Medical History-Eosinophilic granulomatosis with polyangiitis (EGPA) or Churg Strauss syndrome

History A 31 year old Sri Lankan male who was recently discharged from
hospital with the diagnosis of transverse myelitis, got admitted to the casualty ward with rapidly progressing flaccid quadriparesis and bulbar involvement over last 3 days.
His weakness of bilateral lower limbs started on the 21st of July 2019(which
was the 10th postoperative day following an appendectomy) and it was
progressive.
The weakness was more marked on left side and he tripped off while walking.He was conscious and afebrile. He had urinary retention, but there was no faecal incontinence. He denied having sensory symptoms back then. According to previous records he had bilateral spastic paraparesis (evident by power of left lower limb being 0, and right lower limb being 2 with bilateral up going plantar reflexes) without a sensory level, saddle anaesthesia or spinal tenderness. Anal sphincter tone was normal.

Examination of his upper limbs, cranial nerves and cerebellum were clinically normal. He was investigated in a medical unit where the diagnosis of transverse myelitis was made based on his clinical presentation and MRI findings which demonstrated transverse myelitis
involving 4th to 7th segment of spinal cord.
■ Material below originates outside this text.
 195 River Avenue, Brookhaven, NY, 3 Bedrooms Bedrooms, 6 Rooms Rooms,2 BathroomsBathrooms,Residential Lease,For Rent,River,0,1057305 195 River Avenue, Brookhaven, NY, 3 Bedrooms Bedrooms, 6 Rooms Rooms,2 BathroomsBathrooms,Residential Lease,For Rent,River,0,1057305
He was referred to the neurology team who started him on IV methylprednisolone pulse therapy, physiotherapy and referred for rehabilitation after starting on oral prednisolone 1mg/kg. His muscle power improved significantly up to 4. Aetiology for transverse myelitis was not identified.
Unfortunately, following discharge the patient defaulted and presented again with worsening of neurology with weakness of all 4 limbs, dysarthria,
dysphagia, sialorrhoea and weakness of neck muscles. Breathing was normal.He has lost his bladder and bowel control.

On inquiry he had an abdominal pain unrelated to meals for last 2 months and constitutional symptoms. He was anorexic and lost 3 kgs during last month. He also had a low grade intermittent fever during that period. He had a transient, non pruritic rash over bilateral legs. He didn’t have active symptoms or signs of joint inflammation but had arthritis of his right knee joint following a sore throat a month ago and was diagnosed as having reactive arthritis. He denied having urinary symptoms, genitourinary discharges, gross haematuria or dark urine. He didn’t have photosensitivity, facial rash suggestive of malar rash or alopecia. He denied having red eyes, genital or oral ulcers.
His bowel habits were normal. He didn’t have cough, rhinorrhoea or a
headache suggesting sinusitis. There was no history of trauma, or features of increased intracranial pressure such as headache or vomiting.
According to the diagnosis card of his last hospital admission, he was admitted to hospital with severe central abdominal pain. USS showed inflamed appendix which was excised and sent for histology.
His past medical history revealed young hypertension (assessed and no
secondary causes identified), for which he was on nifedipine 20mg bd for last 6 months.He didn’t undergo any surgeries apart from the recent appendectomy. There were no neurological conditions in the family. He denied any allergies. He was a non-vegetarian, non-smoker and a social drinker.